In the top level of the "metrics" block in the config you can add dimensions:

"metrics": {
        "append_dimensions": {
            "AutoScalingGroupName": "${aws:AutoScalingGroupName}",
            "ImageId": "${aws:ImageId}",
            "InstanceId": "${aws:InstanceId}",
            "InstanceType": "${aws:InstanceType}"
        },
...

But, you can only add those AWS dimensions.

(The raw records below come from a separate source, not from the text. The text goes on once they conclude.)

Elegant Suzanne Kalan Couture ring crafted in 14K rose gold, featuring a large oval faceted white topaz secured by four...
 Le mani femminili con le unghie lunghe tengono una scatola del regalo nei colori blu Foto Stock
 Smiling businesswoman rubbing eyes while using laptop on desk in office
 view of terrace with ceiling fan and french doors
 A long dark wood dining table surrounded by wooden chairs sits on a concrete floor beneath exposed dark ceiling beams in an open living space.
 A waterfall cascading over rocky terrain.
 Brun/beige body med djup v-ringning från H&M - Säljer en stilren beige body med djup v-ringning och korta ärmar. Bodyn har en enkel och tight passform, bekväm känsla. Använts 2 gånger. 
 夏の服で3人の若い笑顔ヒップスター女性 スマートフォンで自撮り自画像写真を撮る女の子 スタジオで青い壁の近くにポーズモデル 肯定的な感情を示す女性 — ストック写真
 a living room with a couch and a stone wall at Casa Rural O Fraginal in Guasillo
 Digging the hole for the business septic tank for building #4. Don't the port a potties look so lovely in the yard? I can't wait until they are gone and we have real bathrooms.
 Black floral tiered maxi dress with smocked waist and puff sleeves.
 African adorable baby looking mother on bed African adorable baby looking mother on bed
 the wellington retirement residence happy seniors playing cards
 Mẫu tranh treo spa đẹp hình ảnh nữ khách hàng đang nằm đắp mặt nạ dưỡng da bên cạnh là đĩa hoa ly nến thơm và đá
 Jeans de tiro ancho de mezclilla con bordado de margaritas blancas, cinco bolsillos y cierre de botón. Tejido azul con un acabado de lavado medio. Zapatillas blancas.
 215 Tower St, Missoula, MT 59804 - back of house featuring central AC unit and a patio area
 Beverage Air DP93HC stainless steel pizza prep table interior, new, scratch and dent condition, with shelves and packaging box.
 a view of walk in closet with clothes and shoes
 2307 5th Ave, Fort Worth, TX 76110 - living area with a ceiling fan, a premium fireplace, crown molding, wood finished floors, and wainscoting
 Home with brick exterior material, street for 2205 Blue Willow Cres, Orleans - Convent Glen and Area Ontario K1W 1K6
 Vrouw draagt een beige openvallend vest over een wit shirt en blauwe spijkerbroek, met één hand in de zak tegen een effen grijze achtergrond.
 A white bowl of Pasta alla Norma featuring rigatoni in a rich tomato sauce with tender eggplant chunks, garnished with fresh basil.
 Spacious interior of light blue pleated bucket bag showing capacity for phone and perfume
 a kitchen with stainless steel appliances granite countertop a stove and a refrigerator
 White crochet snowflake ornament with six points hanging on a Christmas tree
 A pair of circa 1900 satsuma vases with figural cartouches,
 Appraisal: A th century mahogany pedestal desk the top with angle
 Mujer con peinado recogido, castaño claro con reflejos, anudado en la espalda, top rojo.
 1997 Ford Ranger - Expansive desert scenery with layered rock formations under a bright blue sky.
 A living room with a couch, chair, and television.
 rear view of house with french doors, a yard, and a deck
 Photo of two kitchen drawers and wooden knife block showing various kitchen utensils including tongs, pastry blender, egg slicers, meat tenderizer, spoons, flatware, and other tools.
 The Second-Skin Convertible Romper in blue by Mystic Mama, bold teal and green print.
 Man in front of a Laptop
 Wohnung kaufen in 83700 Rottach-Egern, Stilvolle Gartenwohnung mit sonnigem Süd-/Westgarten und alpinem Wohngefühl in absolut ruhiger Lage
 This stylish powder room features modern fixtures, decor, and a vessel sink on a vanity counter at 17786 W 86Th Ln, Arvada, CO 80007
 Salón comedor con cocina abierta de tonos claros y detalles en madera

You can add custom dimensions, but only to the specific metric. So, for example, in the CPU metrics collector:

         "metrics_collected": {
             "cpu": {
                 "append_dimensions": {
                     "CustomDimension": "Foo"
                 },
                 "measurement": [
                     "cpu_usage_idle",
                     "cpu_usage_iowait",
                     "cpu_usage_user",
                     "cpu_usage_system"
                 ],
                 "metrics_collection_interval": 60,
                 "resources": [
                     "*"
                 ],
                 "totalcpu": false
             },

You can add these to the procstat group as well, despite it being a list:

            "procstat": [
                 {
                     "append_dimensions": {
                         "CustomDimension": "Foo"
                     },
                     "pid_file": "/var/run/celerybeat/beat.pid",
                     "measurement": [
                         "cpu_usage",
                         "memory_locked",
                         "pid_count"
                     ]
                 }

Finally, you can aggregate on these custom dimensions using aggregation_dimensions at the top level of the metrics block.

While the custom dimension is appended in the specific metric_collected, you can use these dimensions up the top when aggregation_dimensions

"metrics": {
         "append_dimensions": {
             "AutoScalingGroupName": "${aws:AutoScalingGroupName}",
             "InstanceId": "${aws:InstanceId}",
             "InstanceType": "${aws:InstanceType}"
         },
         "aggregation_dimensions" : [
             ["AutoScalingGroupName"],
             ["AutoScalingGroupName", "InstanceType"],
             ["CustomDimension"],
             ["CustomDimension", "InstanceType"],
             ["CustomDimension", "pidfile"],
         ],
         "metrics_collected": {
...

The docs for these are in https://docs.aws.amazon.com/AmazonCloudWatch/latest/monitoring/CloudWatch-Agent-Configuration-File-Details.html but it took me a while to dig them out, test them and work out that the custom dimensions need to live in the specific metrics_collected sections.